What is Project Emporia?
Microsoft's Project Emporia is almost exactly a year old at the time of writing (June 2011) but over the spring bank holiday weekend it suddenly popped up in the world's press as a 'new' competitor to Google.
That's absurd because (a) it's not new, as I just mentioned and (b) it's not a search engine in the conventional sense. What it is, is a way of filtering the links your Twitter peer group share, so that you can pick out the themes that are most relevant to your interests.
It's much more powerful than just that, though - so powerful, in fact, that I stared open-mouthed at its genius, simplicity and beauty for (genuinely) about 10 minutes the first time I logged on.
To get started, simply load the Project Emporia website. That alone will bring up a grid of top stories from a range of different traditional news 'channels' - by which I mean subject areas, rather than news outlets. Click on a headline or a channel name to list the latest stories in that particular area.
And that's it for the basic homepage - until you log in and connect Emporia to your Twitter account, at which point all hell breaks loose, but so subtly that you might not even notice it.
What Happens Next?
By logging in, you give Project Emporia the ability to tailor what you see to suit your personal tastes. Articles each have a five-icon toolbar - plus, save, mail, minus and what I call the 'stop button' because it has a square on it, like a stop button does.
These do the following:
- plus: Makes Emporia prioritise similar articles in future
- save: Adds the article to your saved items
- mail: Shares the article by email or on Twitter
- minus: Makes Emporia less likely to show similar items
- stop: Marks the article as read without affecting future articles
The plus and minus buttons are key to what Project Emporia is about - even on the channels homepage, you have the power to determine what will show up in future, based on the specific topics you are most interested in.

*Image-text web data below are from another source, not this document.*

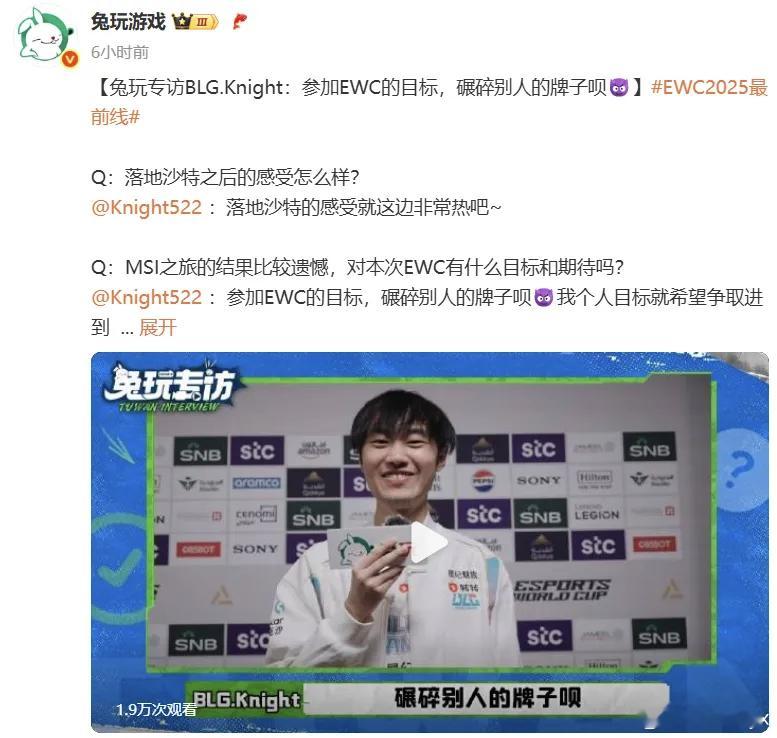 BLG对战G2我究竟是到底有多心理不健康，我大晚上要看BLG的比赛真的如坐针毡，
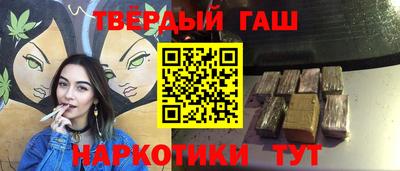 прущие грибы Жуковский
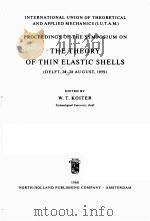 INTERNATIONAL UNION OF THEORETICA AND APPLIED MECHANICS  PROCEEDINGS OF THE SYMPOSIUM ON  THE THEORY（ PDF版）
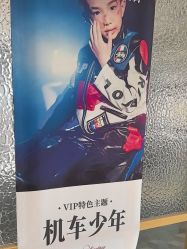 点击看大图 -爱儿美儿童摄影(奥森公园店)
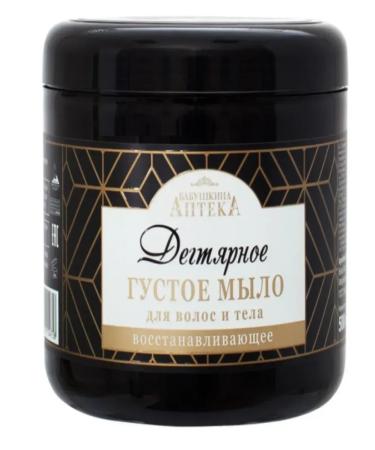 Grandma's Pharmacy Body and hair soap 500 ml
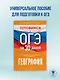 География. Готовимся к ОГЭ за 30 дней - фото 4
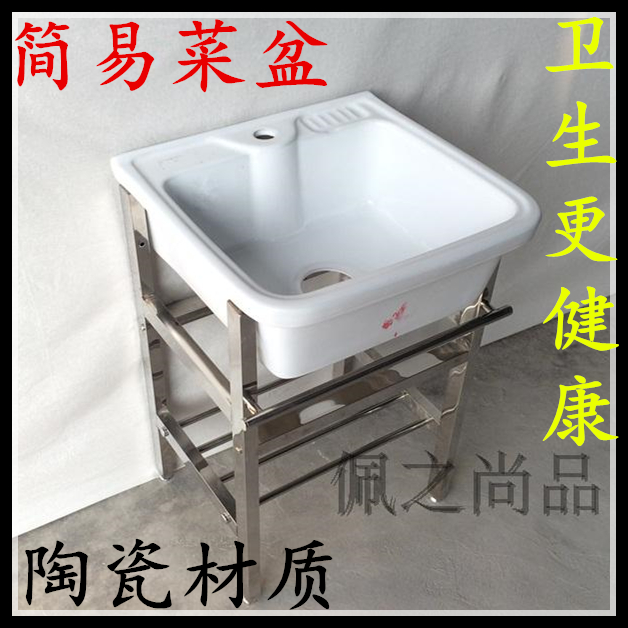 供应用于洗菜|洗碗|橱柜的广东潮州陶瓷洗衣支架盆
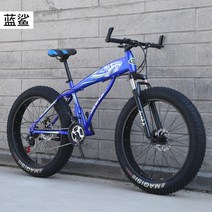 세발전기자전거 배달 삼륜 24 인치 산악 자전거 해변 오프로드 큰 두꺼운 바퀴 40 넓은 타이어 성인, 7+7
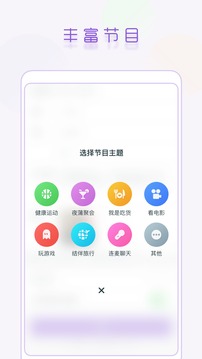 面具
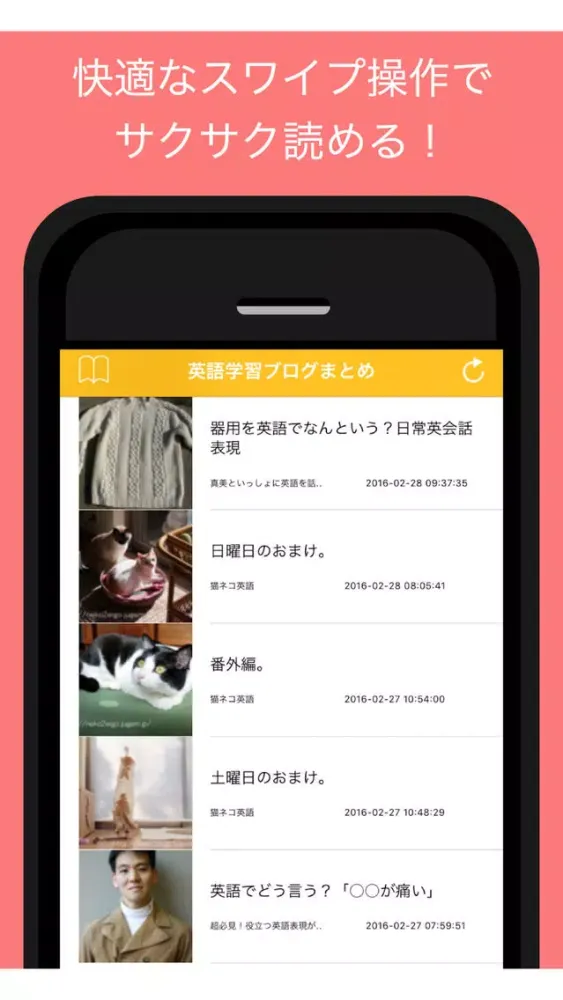 Capturas de tela do 英語学習ブログまとめ - 人気の英会話ブログをまとめてお届け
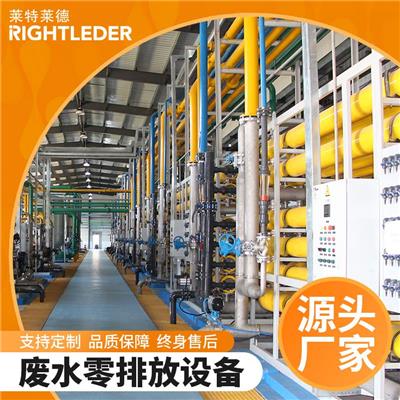 煤化工行业废水零排放处理 废水回用系统 莱特莱德零排放技术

If you like a particular band, for instance, like enough articles about them and they should begin to dominate your headlines. Or a football team. Or an actor.
You also get new tabs at the top of the screen:
Custom Channels
This is a keyword-driven search of items linked to by people all over Twitter. Emporia can tell you if your friends have shared an item, or even if a friend of a friend has done. Depending on how big your follow list is - and how popular the people on it are in turn - that could be a fairly sizeable cohort of tweeters.
Define a new custom channel and it will stay there the next time you log in, meaning, again, you can use the plus and minus buttons to tailor what types of content show up there.
Social Channels
The third icon takes you to Emporia's social channels. These can link to your Twitter account and your Facebook account, if that's where you're more active.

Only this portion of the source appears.